Witaj w moim skrawku sieci!
Książki kocham odkąd pamiętam, mama często mi mówiła, że od zawsze ciągnęło mnie do słowa pisanego i nie mogła znieść mojego marudzenia, że chcę więcej i więcej książek. Nigdy nie zapomnę mojej euforii, gdy zapisała mnie do miejskiej biblioteki dziecięcej – tyle książek, tyle historii i światów do odkrycia, no marzenie! Byłam też jedną z niewielu, która bez problemu czytała lektury, chociaż nie wszystkie mnie porwały.

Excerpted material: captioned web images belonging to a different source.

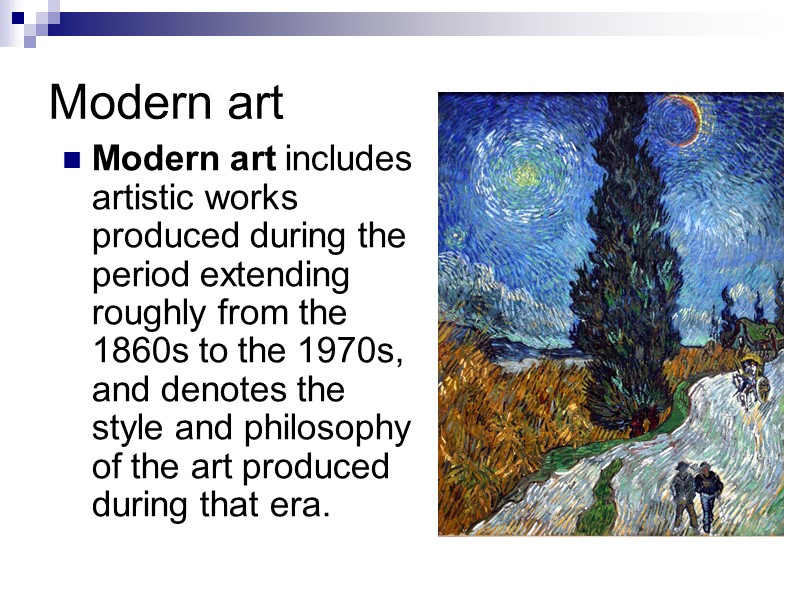 Modern art Modern art includes artistic works produced during the period extending roughly from Modern art Modern art includes artistic works produced during the period extending roughly from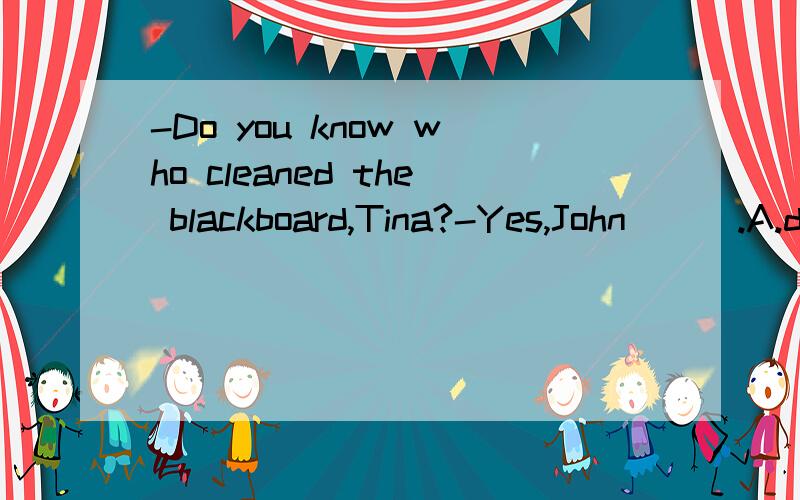 -Do you know who cleaned the blackboard,Tina?-Yes,John___.A.do B.does C.did答案选择的是B 为什么?为什么不是C?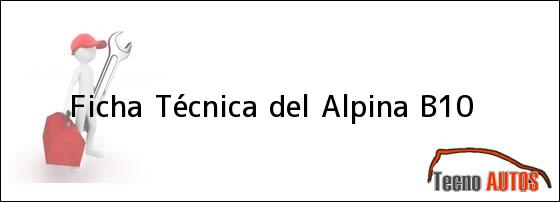 Ficha Técnica del Alpina B10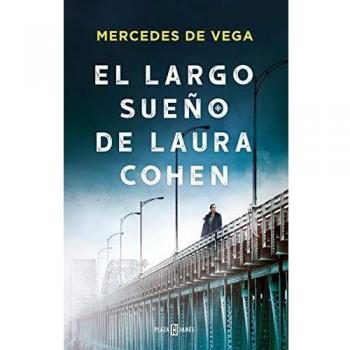 El Largo Sueño de Laura Cohen / Laura Cohen's Long Dream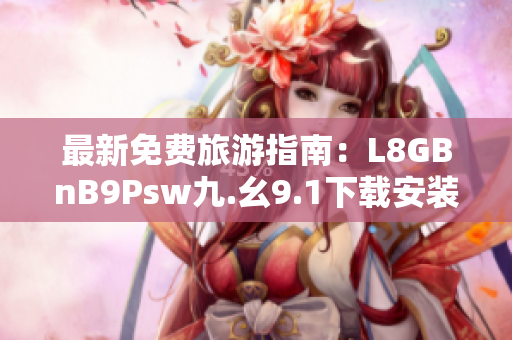 最新免费旅游指南：L8GBnB9Psw九.幺9.1下载安装教程解析。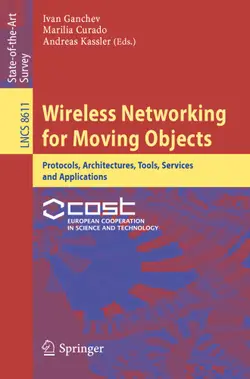 دانلود کتاب Wireless Networking for Moving Objects: Protocols, Architectures, Tools, Services and Applications ویرایش 1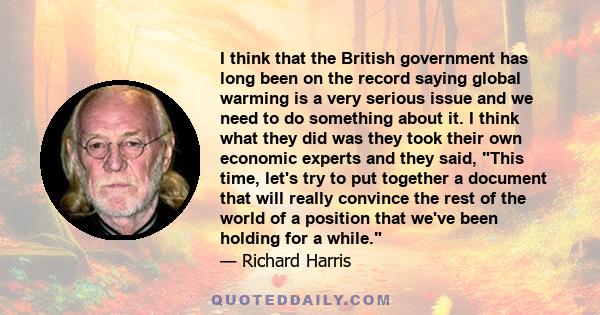 I think that the British government has long been on the record saying global warming is a very serious issue and we need to do something about it. I think what they did was they took their own economic experts and they
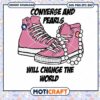Converse And Pearls Will Change The World Svg, Coverse Svg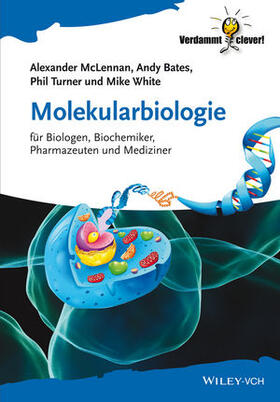 McLennan / Bates / Turner | Molekularbiologie | Buch | 978-3-527-33476-6 | sack.de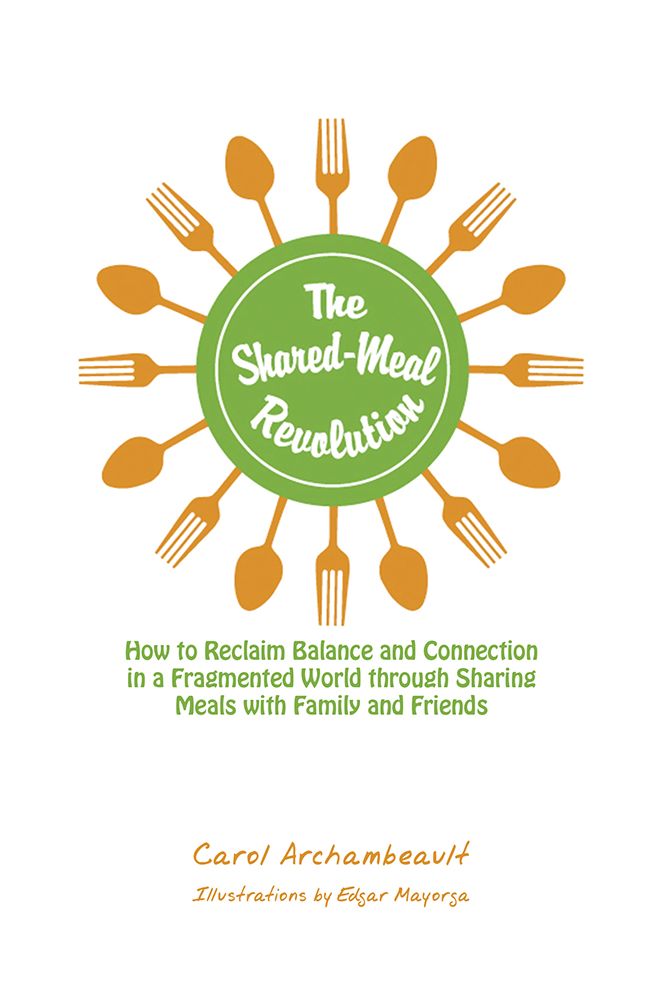 The Shared-Meal Revolution: How to Reclaim Balance and Connection in a Fragmented World through Sharing Meals with Family and Friends
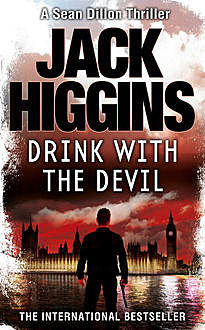 Drink With The Devil, Jack Higgins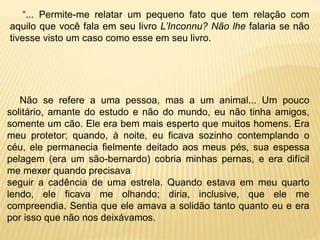 “... Permite-me relatar um pequeno fato que tem relação com
aquilo que você fala em seu livro L’Inconnu? Não lhe falaria se não
tivesse visto um caso como esse em seu livro.
Não se refere a uma pessoa, mas a um animal... Um pouco
solitário, amante do estudo e não do mundo, eu não tinha amigos,
somente um cão. Ele era bem mais esperto que muitos homens. Era
meu protetor; quando, à noite, eu ficava sozinho contemplando o
céu, ele permanecia fielmente deitado aos meus pés, sua espessa
pelagem (era um são-bernardo) cobria minhas pernas, e era difícil
me mexer quando precisava
seguir a cadência de uma estrela. Quando estava em meu quarto
lendo, ele ficava me olhando; diria, inclusive, que ele me
compreendia. Sentia que ele amava a solidão tanto quanto eu e era
por isso que não nos deixávamos.
 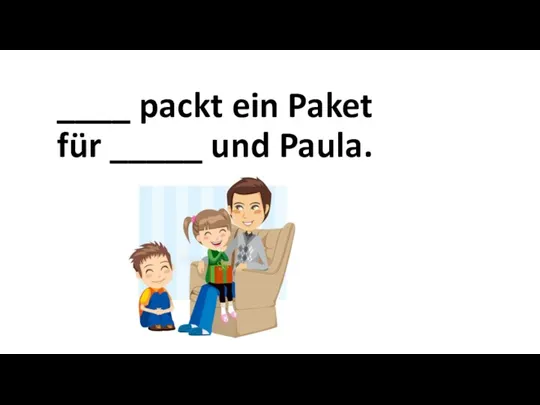 ____ packt ein Paket für _____ und Paula.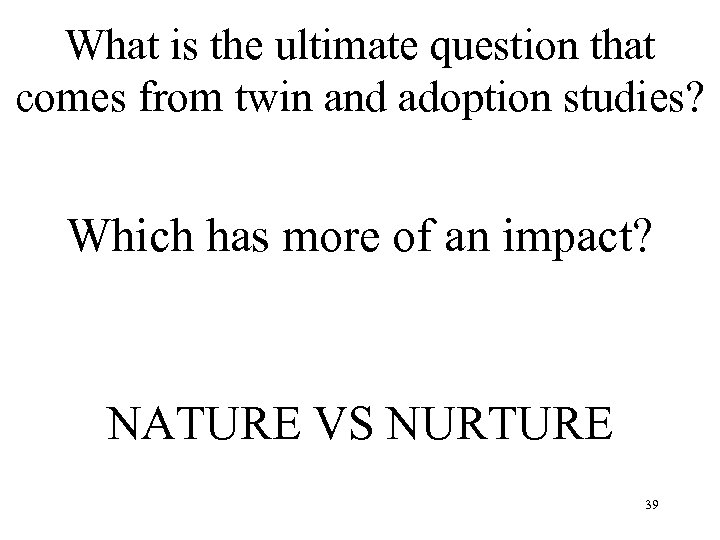 What is the ultimate question that comes from twin and adoption studies? Which has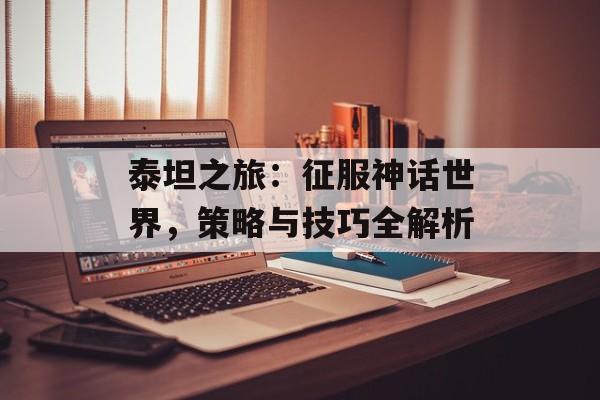 泰坦之旅：征服神话世界，策略与技巧全解析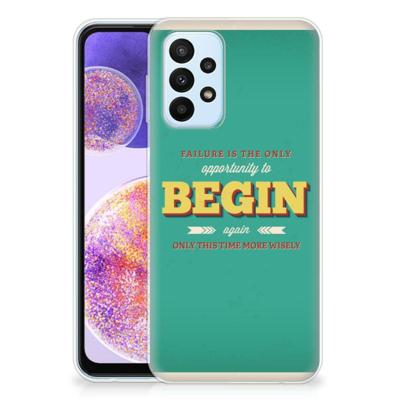 Samsung Galaxy A23 | Siliconen hoesje | met naam Quote Begin Samsung Galaxy A23 | Siliconen hoesje | met naam Quote Begin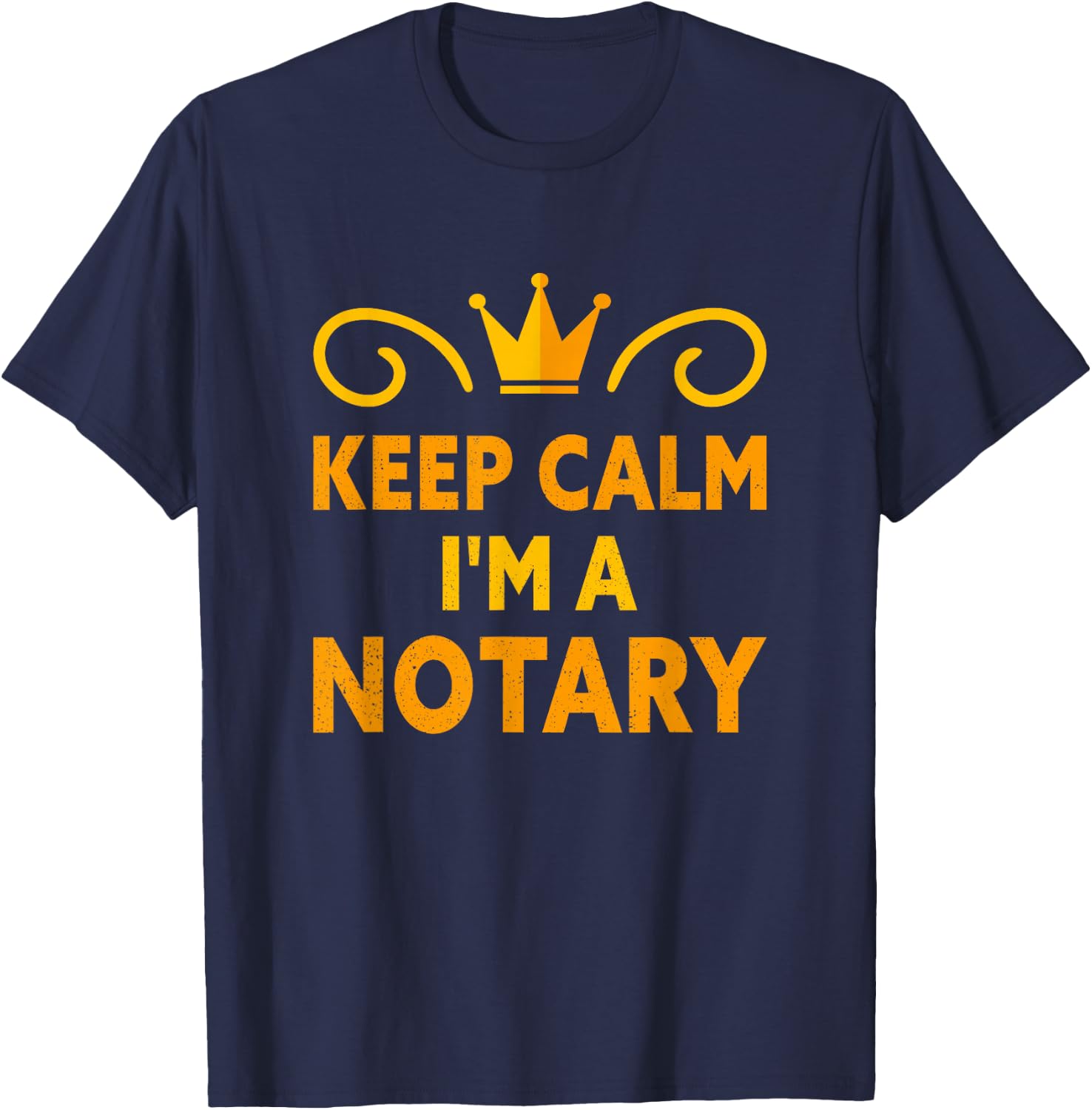 Keep Calm I'm A Notary T-Shirt - T-Shirt | Navy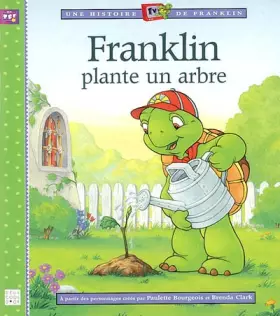 Couverture du produit · Franklin plante un arbre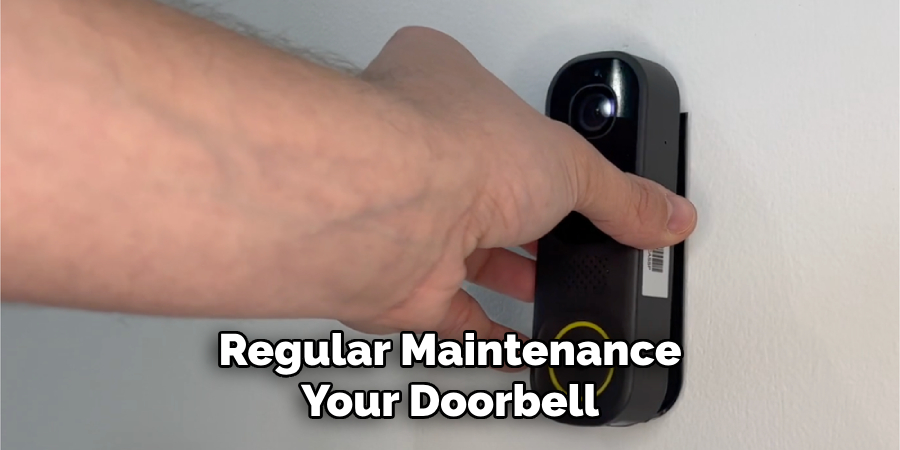 Regular Maintenance
Your Doorbell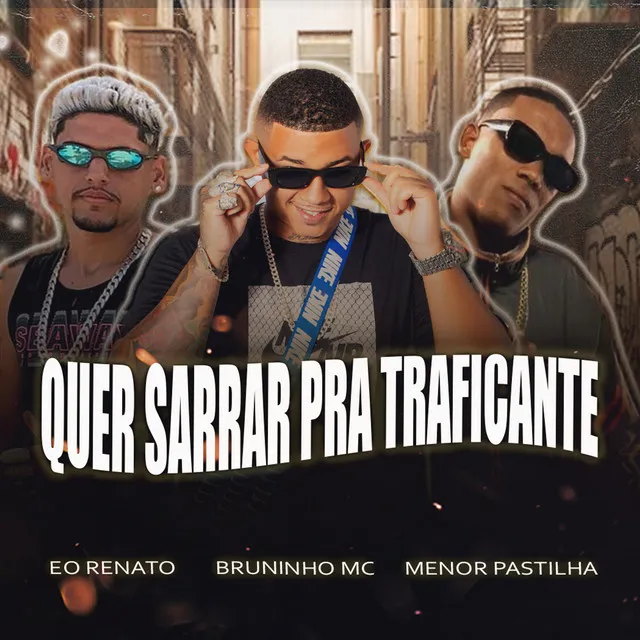 Quer Sarrar pra Traficante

Zapatrzona w książki powstała 8 lat temu na blogspocie. Nie była to spontaniczna decyzja, a efekt rozmów z Mooly, którą poznałam na jednych z for istniejących wtedy w sieci. Przekonywała mnie, że powinnam zacząć pisać, ale jakoś nie byłam pewna czy chcę w to wchodzić, czy dam radę. Mooly okazała się jednak niezmordowana i zaczęłam stawiać swoje pierwsze, nieporadne kroki w blogosferze. Prawdę mówiąc początkowym tekstom daleko było do recenzji, ale z każdym kolejnym było coraz lepiej. No, przynajmniej mam taką nadzieję, he he. Nie podejrzewałam, że wytrwam tyle w prowadzeniu, ale każdy kolejny dzień utwierdza mnie w przekonaniu, że to jest to, co chcę robić w wolnym czasie. Blogowanie dało mi wiele lekcji i otworzyło furtki do innych miejsc, gdzie doceniono moje zaangażowanie i dano szansę na próbowanie innych rzeczy.
Pod koniec 2017 roku poczułam, że czas na zmiany, przeszłam na własny serwer, gdzie mogę bawić się wyglądem, tak, by mi się podobało. Powiem Wam – bajka!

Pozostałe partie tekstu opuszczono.